━━━ Provided material

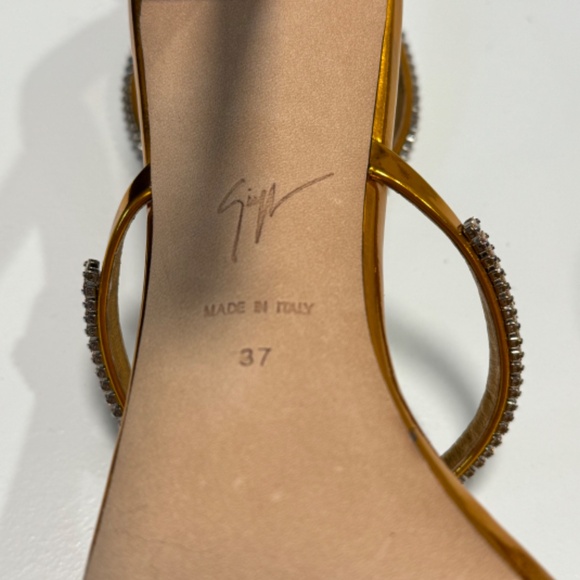 Giuseppe Zanotti Harmony Crystal Saffron Orange 37 - Picture 6 of 7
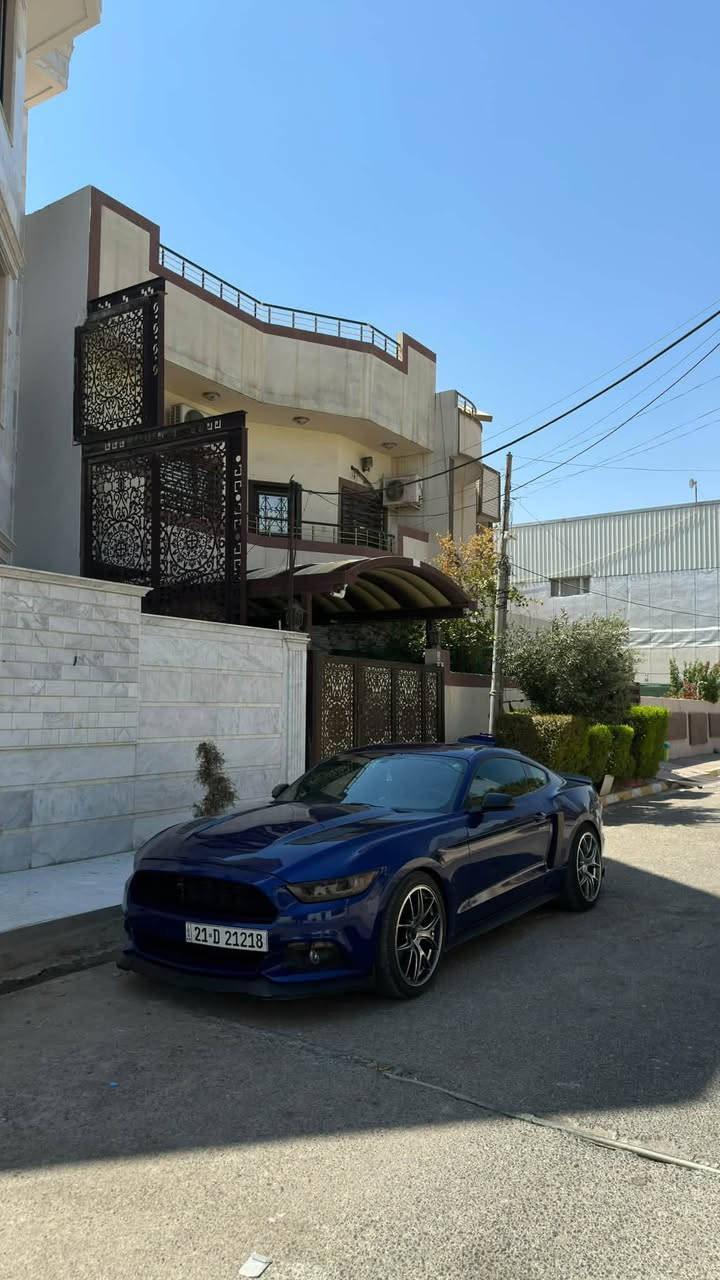 موستنك V6 • ٢٠١٦ • حادث بسيط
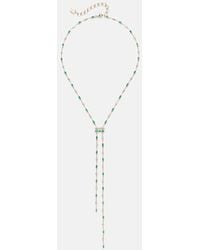 SHAY - Cascade Y 18Kt Necklace With Emeralds And Diamonds - Lyst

━━━━━━

What the exercise asks
Images stay out, but the rest of the data above must be repeated exactly.

Reply to the task
 Giuseppe Zanotti Harmony Crystal Saffron Orange 37 - Picture 6 of 7
 موستنك V6 • ٢٠١٦ • حادث بسيط
 SHAY - Cascade Y 18Kt Necklace With Emeralds And Diamonds - Lyst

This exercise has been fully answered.